**Task to complete**
Copy the material below verbatim from the line with "Sleepy Hollow Dead" to the line with "- Afbeelding 5", both lines included, omitting pictures and every line outside that range.
==== Data for this exercise ====
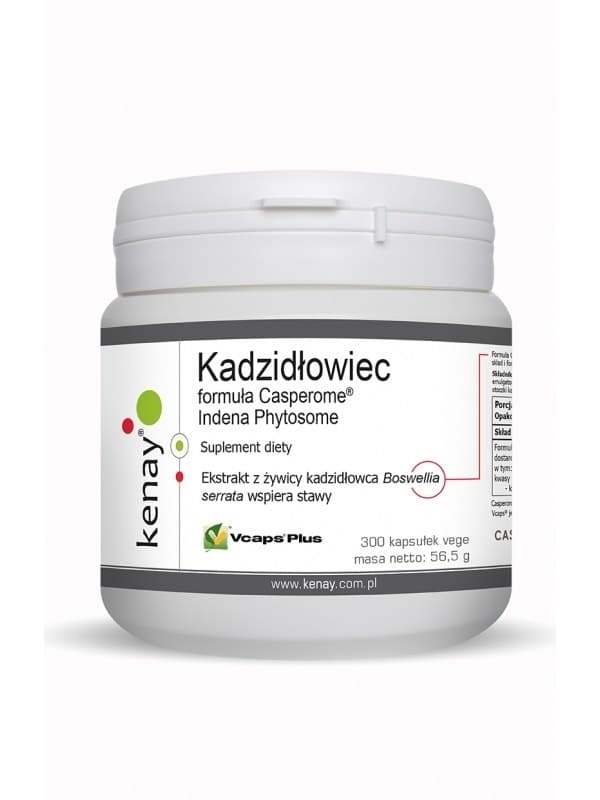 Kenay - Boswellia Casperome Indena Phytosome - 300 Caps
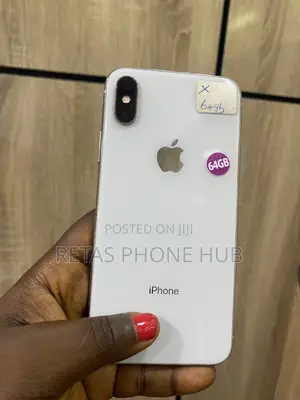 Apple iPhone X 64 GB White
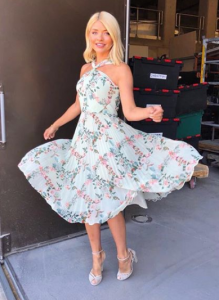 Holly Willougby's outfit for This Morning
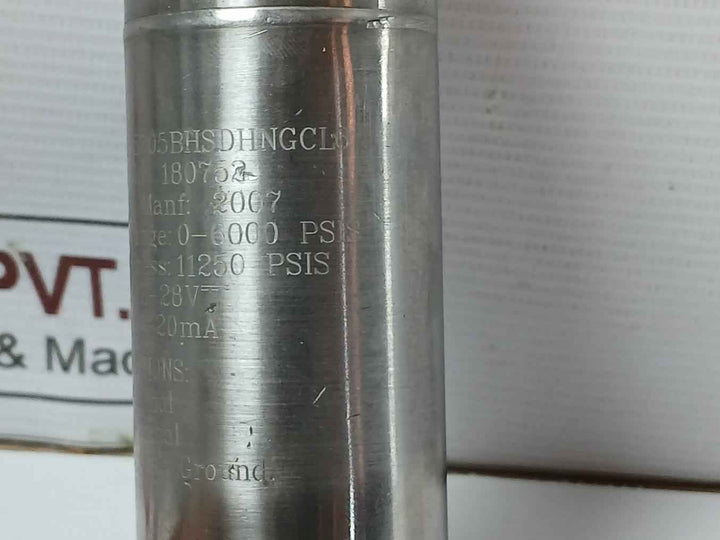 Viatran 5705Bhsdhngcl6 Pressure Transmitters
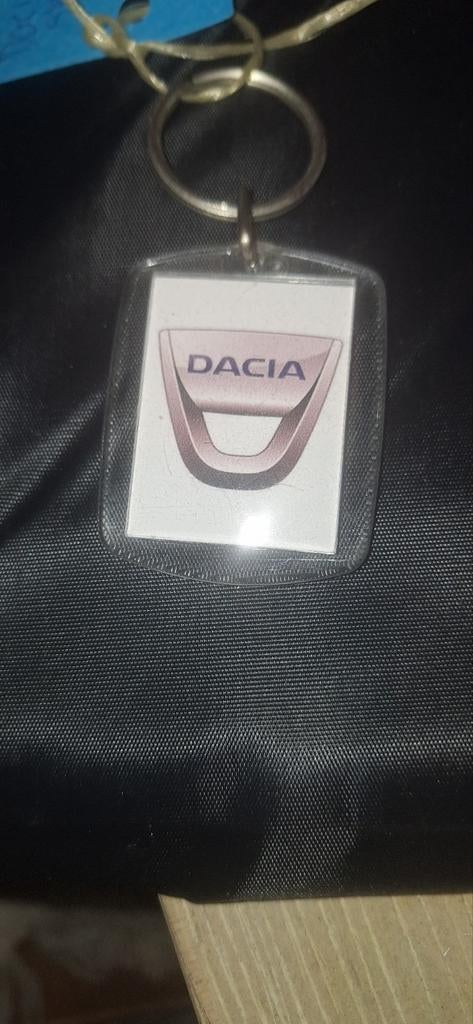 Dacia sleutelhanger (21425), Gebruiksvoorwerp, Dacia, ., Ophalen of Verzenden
====
==== Data for this exercise ====
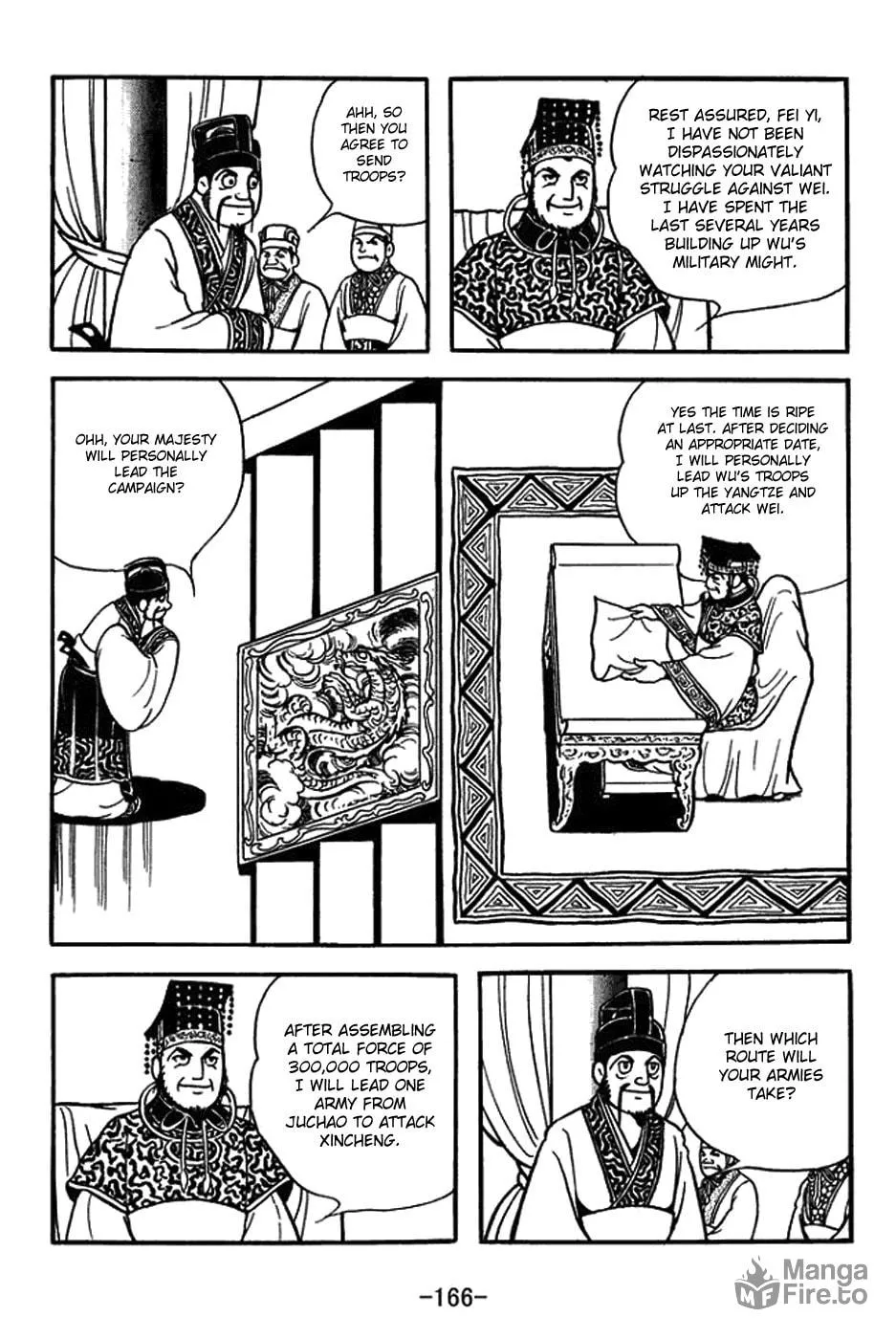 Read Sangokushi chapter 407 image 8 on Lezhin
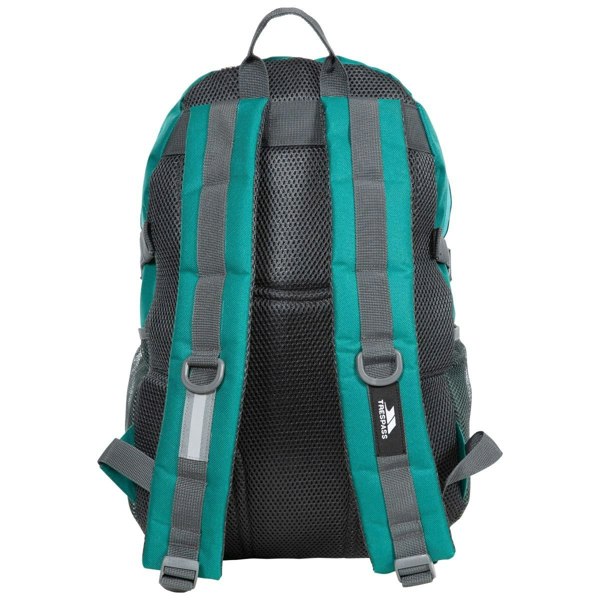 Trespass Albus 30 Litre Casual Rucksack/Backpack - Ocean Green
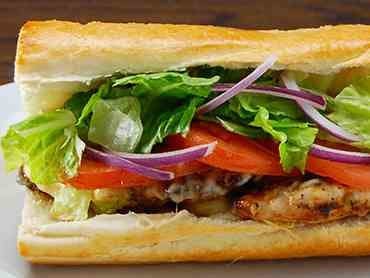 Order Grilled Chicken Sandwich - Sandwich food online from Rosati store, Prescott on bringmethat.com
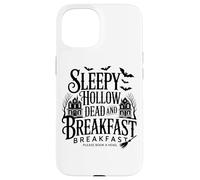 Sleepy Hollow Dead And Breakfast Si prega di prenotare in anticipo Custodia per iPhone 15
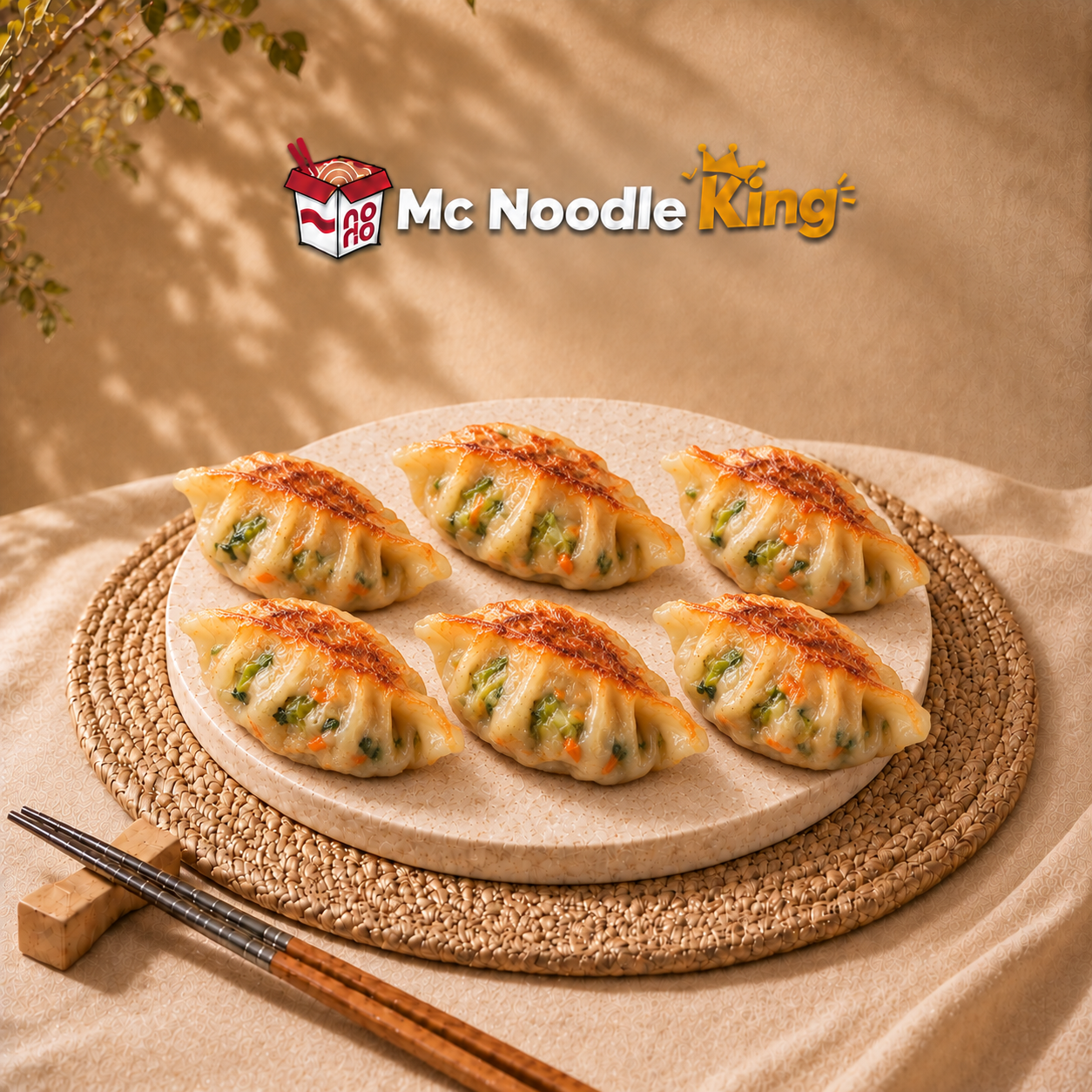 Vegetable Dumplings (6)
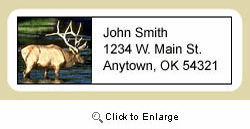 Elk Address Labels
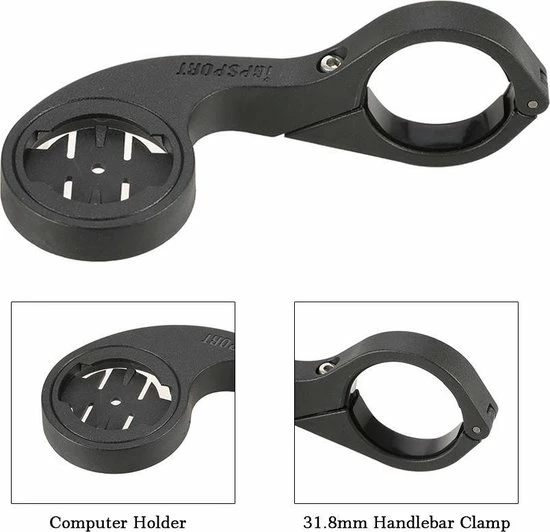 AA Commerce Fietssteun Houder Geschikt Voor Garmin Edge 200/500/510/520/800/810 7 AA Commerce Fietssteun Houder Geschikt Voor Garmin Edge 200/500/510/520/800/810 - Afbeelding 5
====
==== Data for this exercise ====
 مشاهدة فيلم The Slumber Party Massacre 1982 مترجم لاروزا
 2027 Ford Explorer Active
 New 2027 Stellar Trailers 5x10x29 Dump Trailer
====
**Completed exercise**
 Sleepy Hollow Dead And Breakfast Si prega di prenotare in anticipo Custodia per iPhone 15
 Vegetable Dumplings (6)
 Elk Address Labels
 AA Commerce Fietssteun Houder Geschikt Voor Garmin Edge 200/500/510/520/800/810 7 AA Commerce Fietssteun Houder Geschikt Voor Garmin Edge 200/500/510/520/800/810 - Afbeelding 5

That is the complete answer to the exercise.